The president may be digging in because he fears an attempt by hard-liners to dictate the government he is expected to form next month.

At the center of the dispute between the president and the supreme leader is Mr. Mashai, a member of Mr. Ahmadinejad’s personal inner circle. Iran has 12 vice presidents, and Mr. Mashai has been serving in one of the slots in charge of tourism and culture. Mr. Ahmadinejad said last week he was elevating Mr. Mashai to the first vice presidency. That is the most important of the 12 because it is in line to succeed the president if he dies, is incapacitated or removed. The first vice president also leads Cabinet meetings in the president’s absence.

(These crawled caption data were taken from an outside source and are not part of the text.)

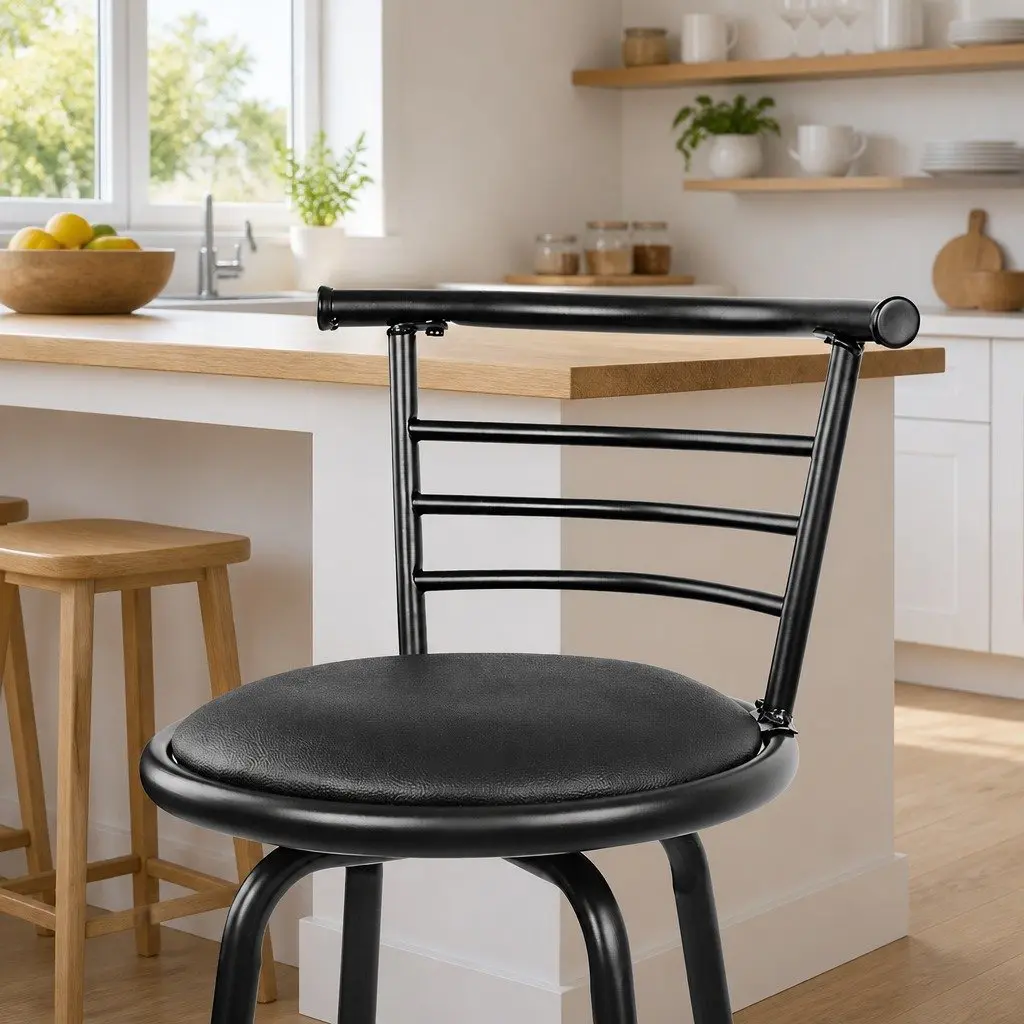 Bar Stools Swivel Black 360° Swivel Seat Ergonomically Curved Backrest Integrated Footrest Set of 2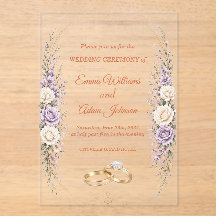 Carton d'invitation de mariage élégant en acryliqu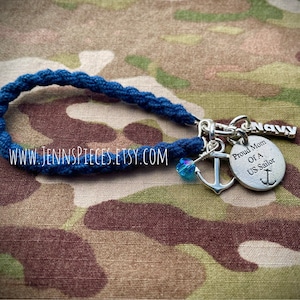 Proud Mom or Grandparent of a US SAILOR Or COASTIE Mom Boot Band Bracelet Navy coast guard seabee uscg military parent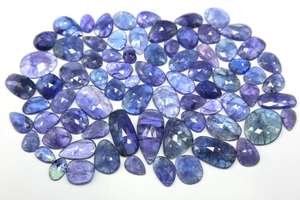 พลอยแทนซาไนท์เจียระไนรูปดอกกุหลาบเจียระไนแบบเจียระไนเพชรเทียม75ชิ้นเครื่องประดับชิ้นธรรมชาติทำอัญมณีหลวม8x6mm-24x11mm 378กะรัต - Product Image 2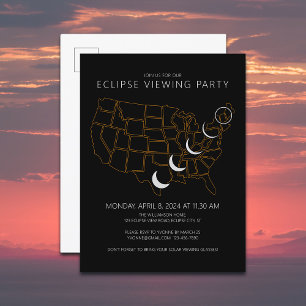 Verenigde Staten Solar Eclipse 4.8.2024 Bezichtigi Uitnodiging Briefkaart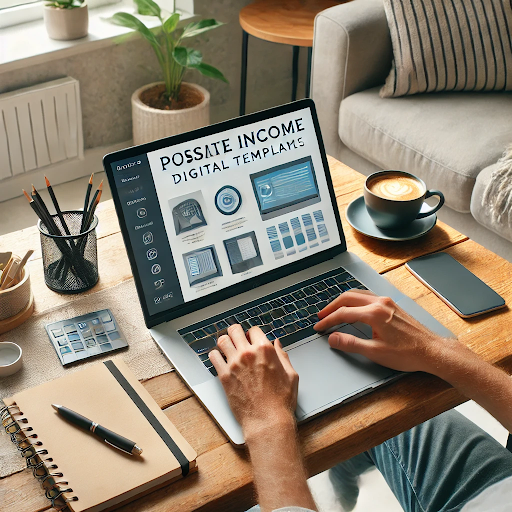 Entrepreneur building Template Empire business on laptop while earning passive income from digital templates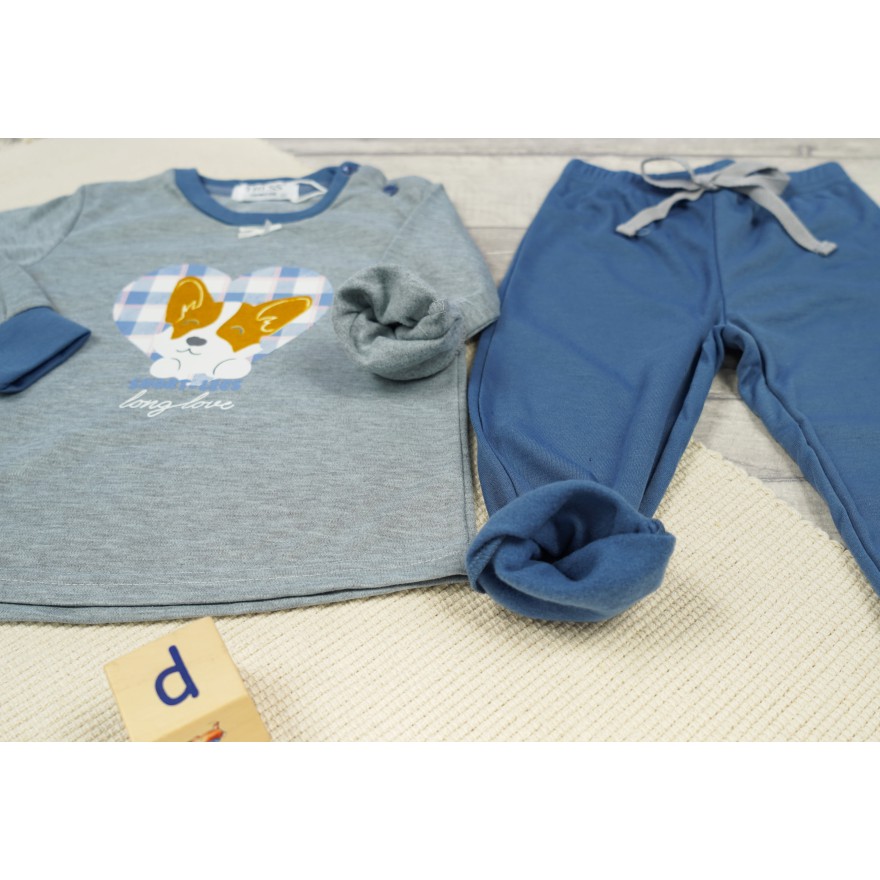 PIŻAMA dziecięca ciepła na meszku szara z pieskiem długi rękaw niebieskie spodnie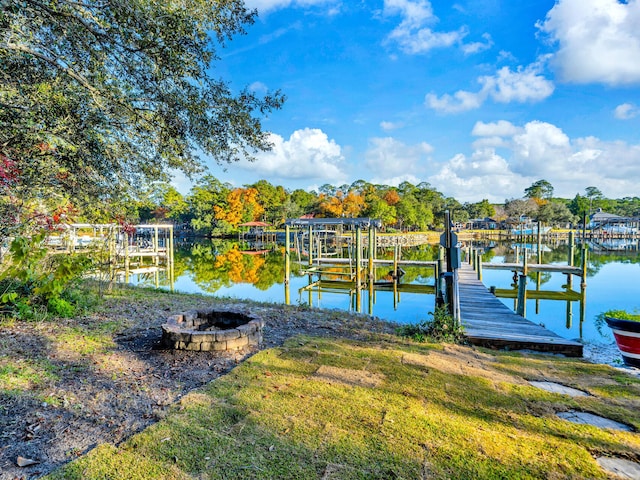 dock area featuring a water view and an outdoor fire pit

Mr. Ahmadinejad is a member of the hard-line camp, but throughout his first term he had disputes over policy and appointments with fellow conservatives, some of whom accused him of hoarding too much power for close associates rather than spreading it among factions.

Most surprising is Mr. Ahmadinejad’s defiance of Ayatollah Khamenei’s order for Mr. Mashai’s removal. The supreme leader has been the president’s top defender in the election dispute, dismissing opposition claims that Mr. Ahmadinejad’s victory in the June 12 vote was fraudulent. The opposition says pro-reform candidate Mir Hossein Mousavi was the real winner and calls Mr. Ahmadinejad’s government illegitimate.

Hard-line clerics on Wednesday demanded that the president obey Ayatollah Khamenei.

Ayatollah Ahmad Khatami said whether Mr. Mashai is immediately dismissed “will test Ahmadinejad’s loyalty to the supreme leader.”